Fri, 22 May 2026 10:00:00 +0800

opencode is a 160k-star AI coding tool with 27 workflow files in its .github/workflows/ directory. This number is not uncommon for open source projects, but what’s truly interesting is not the quantity, but the scope these workflows cover: from conventional CI/CD to AI-driven community governance, they’ve done almost everything GitHub Actions can do.

This article analyzes the design of these workflows by category, discusses the pros and cons of this level of automation, and shares insights for our own projects.

Overview

The 27 workflows can be divided into four categories:

Category	Count	Purpose
CI/Testing	4	typecheck, unit tests, e2e, Nix builds
Release/Delivery	5	CLI release, container builds, VS Code extension, GitHub Action release
Automation/Bot	16	issue governance, PR compliance, AI code review, documentation updates
Docs/Other	2	statistics, Discord notifications

16 automation workflows account for 60% of the total. opencode doesn’t just use Actions to run tests and releases—it also entrusts community governance and code quality review to the automation system.

CI/Testing: Solid but Restrained

Four testing-related workflows:

typecheck.yml — Runs bun typecheck on PR and push to dev. Simple and direct, no unnecessary actions.

test.yml — Cross-platform test matrix (Linux + Windows), runs unit tests and Playwright e2e. Has concurrency control where new commits in the same PR cancel old runs. Test results generate JUnit reports uploaded as artifacts.

nix-eval.yml — Verifies Nix flake builds on four architectures (x86_64-linux, aarch64-linux, x86_64-darwin, aarch64-darwin). Mandatory package failures block the build, optional package failures are just warnings.

storybook.yml — Storybook builds for UI components, only triggered when storybook/ui-related files change. Path triggering avoids unnecessary runs.

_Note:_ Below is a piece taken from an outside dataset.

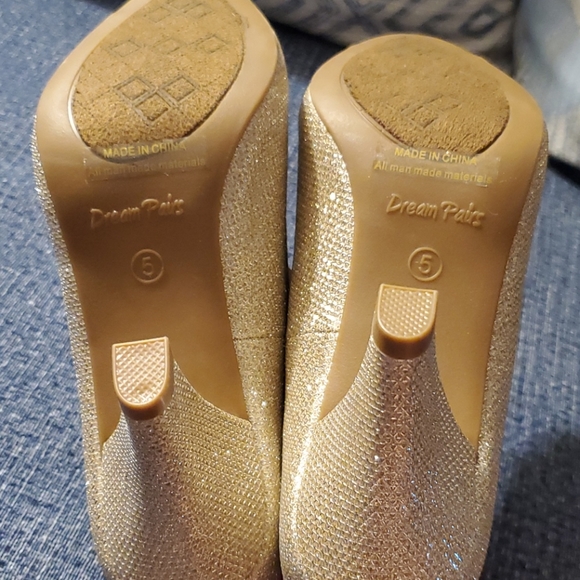Sparkly Gold Open Toe Heel Shoes - Picture 11 of 11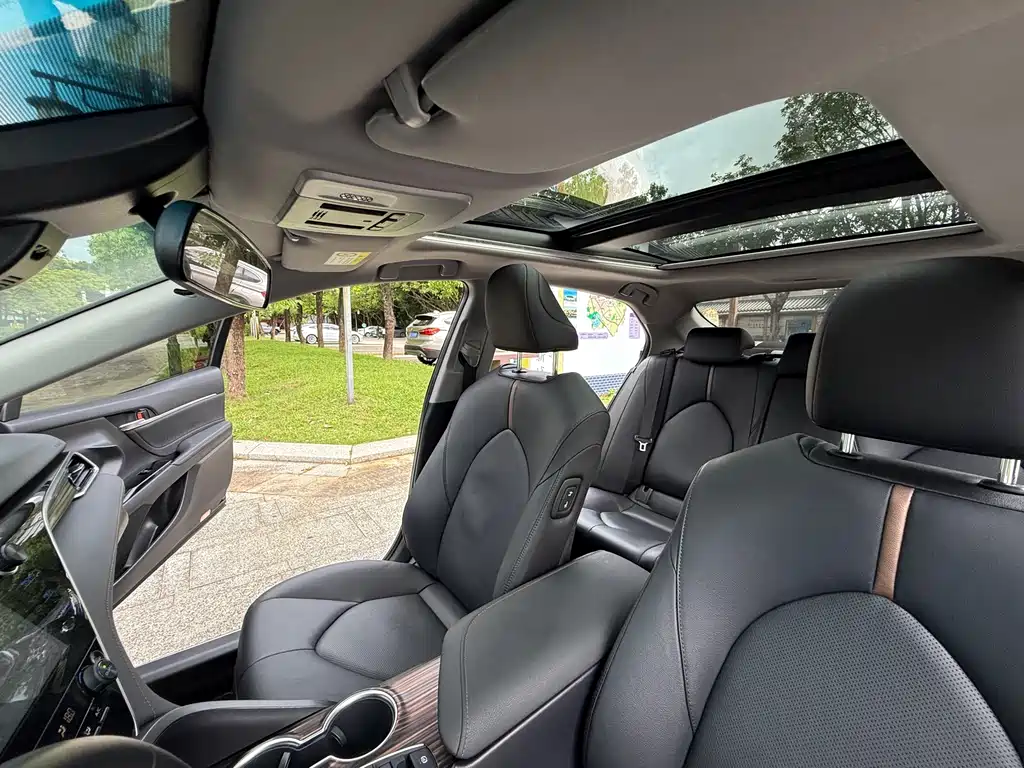 Toyota Camry 2020 — фото 15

Several noteworthy design choices:

concurrency group + cancel-in-progress: Multiple workflows use this pattern so the same PR doesn’t stack multiple runs. For a project receiving lots of community PRs, this saves significant CI resources.
Path triggering: containers.yml only runs when container files change, storybook.yml only runs when UI changes. Not everything runs on all commits.
Mixed Runner Strategy: Most workflows use Blacksmith’s third-party hosted runners (blacksmith-4vcpu-ubuntu-2404, blacksmith-4vcpu-windows-2025). Blacksmith is a GitHub Actions API-compatible accelerated runner service using custom infrastructure, significantly faster than GitHub’s free runners. Only lightweight bot tasks (close-issues, close-prs, compliance-close, pr-standards, deploy) stay on GitHub’s native ubuntu-latest. Compute-intensive compilation, testing, and releases all go through Blacksmith, simple script tasks use GitHub’s native runners, allocating resources by task load.

Release/Delivery: Full Platform Coverage

publish.yml is the most complex workflow, handling the complete release process in a single file:

Version number calculation
CLI build matrix (multi-platform, multi-architecture)
Windows code signing (Azure Signing)
macOS code signing (Apple Developer)
Electron app builds
npm publishing
GitHub Release creation
AUR (Arch Linux) publishing

One workflow covers distribution for CLI, desktop apps, npm packages, and Linux packages. This “release everywhere at once” pattern is user-friendly—regardless of platform, everyone gets the new version on the same day.

Other release workflows are split by artifact type:

publish-github-action.yml — Listens for github-v* tags, publishes GitHub Action to Marketplace
publish-vscode.yml — Listens for vscode-v* tags, publishes to both VS Code Marketplace and Open VSX
containers.yml — Multi-architecture container image builds, pushes to GHCR
release-github-action.yml — Creates pre-releases when github directory changes on dev branch

Tag triggering is a good practice: releases are explicit actions, not triggered by accidental code pushes. publish.yml automatically builds snapshots when pushing to ci/dev/beta/fix branches, but official releases require manual dispatch or tags.

Automation/Bot: AI-Driven Community Governance

This is opencode’s most distinctive feature. Among the 16 automation workflows, multiple directly call upon opencode’s own AI capabilities to handle community affairs.

Issue Management

triage.yml — When a new issue is created, opencode AI automatically triages it, adding labels and categories.

duplicate-issues.yml — When a new issue is created/edited, opencode AI analyzes whether it duplicates existing issues. Also checks whether it follows one of three issue templates and whether it contains AI-generated content. Non-compliant issues get a needs:compliance label.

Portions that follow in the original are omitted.